Y-axis variable Malaria

This is what we want:

  1. No markers

    • There should be no markers whenever there is no data for a given X-axis value in the entire dataset NOR whenever there is no data for a given X-axis value in the subset, regardless of how the y-axis proportion is configured
    • Ex: no markers at Timepoint = 2, 3. Lines should connect Timepoint 1 to Timepoint 4.
  2. Filled markers

    • There should be filled markers whenever there IS data for a given X-axis value as long as there is at least 1 value for the Y-axis in the subset AND the Y-axis proportion contains all possible values in the denominator
    • Ex: no markers at Timepoint = 2, 3 and Filled markers at Timepoints 1, 4, 5, 6, and 7 when Malaria proportion = Yes/(Yes+No+Not tested). Lines should connect Timepoint 1 to Timepoint 4 to Timepoint 5 to Timepoint 6 to Timepoint 7
  3. Hollow markers

    • There should be hollow markers whenever there IS data for a given X-axis value as long as there is at least 1 value for the Y-axis in the subset BUT the Y-axis proportion does NOT contain all possible values in the denominator
    • _Ex: no markers at Timepoint = 2, 3 and Hollow markers at Timepoint = 4 and filled markers at Timepoint= 1, 5, 6, and 7 when Malaria proportion = Yes/(Yes+No). There should be a break in the line whenever there is a hollow marker. So the filled marker at Timepoint = 1 would NOT be connected to Timepoint 4, and Timepoint 4 would not be connected to Timepoint 5. But a line would connect Timepoint 5 to Timepoint 6 to Timepoint 7_
danicahelb commented 1 year ago

https://github.com/VEuPathDB/web-eda/issues/1411 was created because markers were appearing at X-axis values that were not in the subset, which made it look like the Y-axis proportion for these X-axis values was equal to 0 instead of not having any rows of data for these X-axis values

https://github.com/VEuPathDB/web-eda/issues/1519 was created because a connecting line should be drawn through the markers. Lines should be drawn even in instances where an X-axis value has data in the full dataset but does NOT contain a marker because it does not have data in the subset (In that case, the line should be drawn between the 2 markers immediately adjacent to the X-axis value that does not have data in the subset).
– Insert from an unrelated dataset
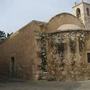 Saint George Orthodox Church - Ksilofagou, Larnaka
Unrelated to these tickets, https://github.com/VEuPathDB/web-eda/issues/1082 was created because markers for X-axis values that were IN the subset but did not have any Y-axis values that were included in the proportion calculation (ie, had an undefined proportion, 0/0) looked like they had a proportion equal to 0. we wanted some sort of marker at these X-axis values to indicate that the subset does contain data for that X-axis value and the proportion configurations do not remove this data from the subset. Connecting lines should NEVER go through hollow markers. If 2 filled markers are separated by a hollow marker, there will be a break in the line

danicahelb commented 1 year ago

the Y-axis proportion does NOT contain all possible values in the denominator

This means the same thing as:

the Y-axis proportion does NOT contain data for any selected values in the denominator

For example, y values are A, B, C and the proportion is configured as A/(A+B) instead of A/(A+B+C).

Since the numerator cannot be a superset of the denominator, C is forced to not be in the numerator as well as the denominator. Therefore rows with y=C will be excluded from the plot (though they remain in the subset).

There can be some values of x where y is only ever equal to C. These points are y=0/0

These points where y=0/0 are given hollow markers and no connecting line through them

The only time hollow unconnected points are ever used is where y=0/0

bobular commented 1 year ago

Hi @danicahelb - thank you so much for consolidating everything here.

I think there could be some more discussion either in EDA UX or data viz about breaking the lines.

We may want different behaviour depending on direct vs. indirect filtering (e.g. the new filter-aware behaviours we've talked about)

Not 100% sure of the reasoning myself, and only briefly discussed with Danielle, so I suggest it goes to committee!